From Once a Year to On Demand, DVS Rewrites the Rules of Mortality Surveillance
Posted on bySuppose, after years of being able to look back and see only where you had been, you were suddenly able to see exactly where you are, right now, in a clearer, more revealing light.
That’s a fair description of the position the Division of Vital Statistics (DVS) finds itself in. Thanks to innovative approaches to data warehousing, data access, and data reporting, researchers used to the annual reporting of mortality information in the National Vital Statistics System (NVSS) now have near real-time access to this information.
“As little as 3 years ago, it was almost impossible for a DVS analyst to see the mortality data until the annual file had been closed and processed,” says Dr. Paul Sutton, DVS Deputy Director. The death (and birth) certificate data received from state vital records offices were received and stored on NCHS’ mainframe computer system, inaccessible to all but IT staffers. Once a year, the data in these state files were merged and processed to create the annual data files and reports. You could view last year’s mortality data, but getting an accurate picture of current mortality statistics was out of the question.
“Vital statistics has traditionally been something that was a retrospective look at how things were,” Sutton says. “We produced annual reports a year or more after the data year, and that’s just what we did.”
The transition from the mainframe system to a database environment gave DVS an opportunity to re-envision what could be done with mortality data. Real-time accessibility became a real possibility. But would it have real-world applicability?

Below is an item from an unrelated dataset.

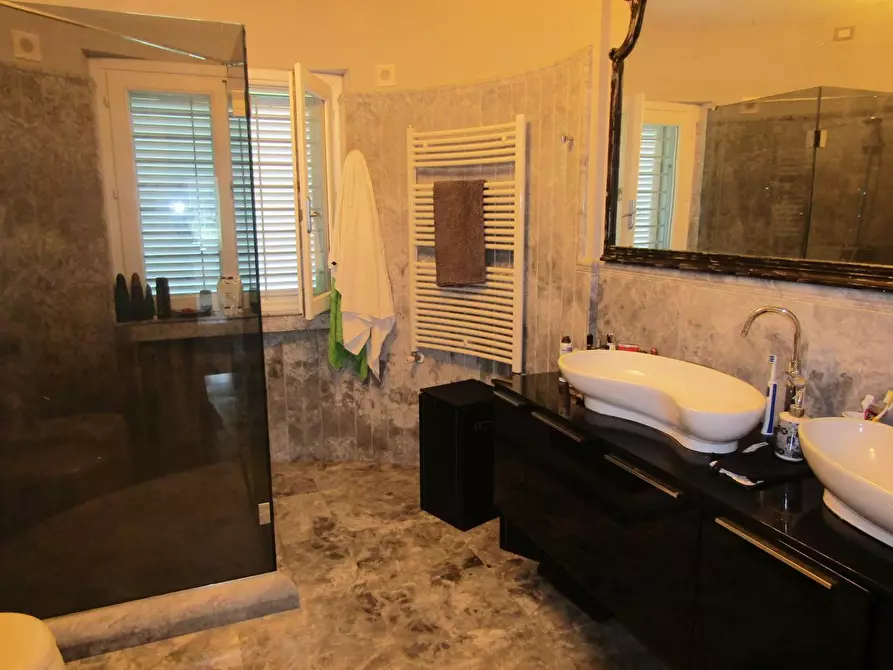 Immagine 11 di Villa in vendita  a Carrara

Sutton and his team worked with partners in CDC’s Influenza Division set up a pilot program to evaluate the feasibility of using the real-time NVSS-based mortality data to track pneumonia and influenza (P&I) mortality and as a potential replacement for the 122 Cities Mortality Reporting System (CMRS).” [Influenza Division staffers] were having increasing difficulty getting their data from the122 cities system,” Dr. Sutton says.
Beginning in October 2014, FluView, CDC’s weekly influenza surveillance report, began including P&I deaths pulled directly from the real-time NVSS. NVSS-based P&I counts and percentages are presented by the week the death occurred and are being released 2 weeks after the week of death to allow for collection of enough data to produce a stable P&I percentage. The pilot has been very successful, and plans are being made to replace the current 122 CMRS P&I data with NVSS-based data for the 2015–2016 flu season.

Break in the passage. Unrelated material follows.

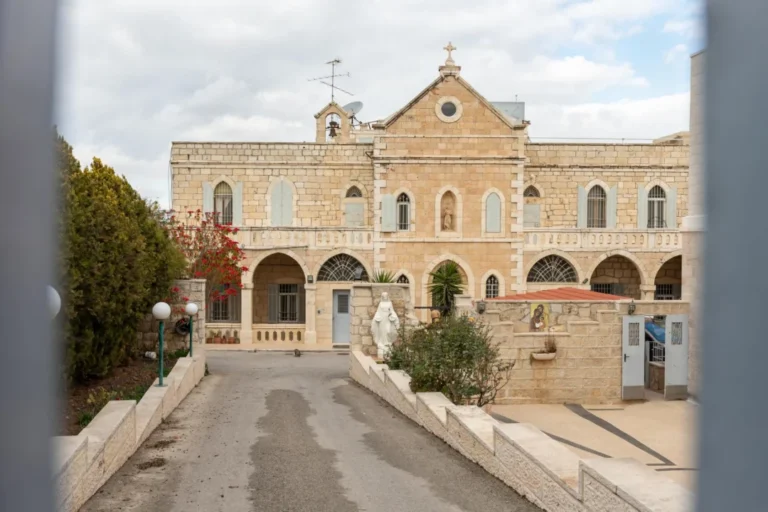 Plaża i wybrzeże — wakacje w Klasztor Franciszkanów Wyspa Hvar Chorwacja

Ease of use is a key feature of the new system. Innovative “data cubes”—preaggregated select mortality data—are populated nightly, allowing DVS staff and surveillance partners to create customizable views of real-time data nearly instantaneously. “They turn on the computers,” Sutton says, “flip a switch, and that information’s there.”
The new NVSS-based P&I mortality surveillance system also has the potential to greatly improve data quality. With a database that includes death certificates from 57 reporting jurisdictions, NCHS is able to provide a more comprehensive national count of deaths (total and cause-specific) within 24 hours of receiving and coding the record. NCHS codes every death certificate it receives according to the current International Classification of Diseases (ICD–10). “We’re using those codes consistently across all areas, we’re using the same methodology, so there’s no variation,” Sutton says.

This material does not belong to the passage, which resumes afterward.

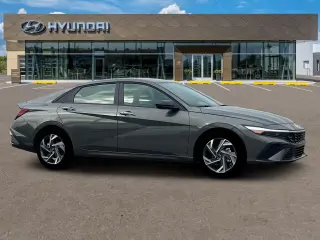 Hyundai ELANTRA 2025 SEL Sport 4 puertas Sedán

While the upgraded mortality surveillance program is still in its infancy, it has already attracted attention from several potential partners. DVS is currently developing surveillance partnerships to track deaths related to suicide, Creutzfeldt-Jakob disease, respiratory syncytial virus, and disasters. Other potential partnerships could focus on mortality surveillance data on firearm-related deaths, HIV/AIDS, stroke, Alzheimer’s, diabetes, and many more.
Sutton says that DVS is currently working with states to improve the timeliness and frequency of mortality reporting. “Our stated goal right now is to have 80% of deaths reported to us within 10 days,” he says.
“As the quality and completeness of our data improves, it’s just going to get better and better,” Sutton says. “In terms of potential, the improvements over the existing system are huge. We believe it’s superior in every way.”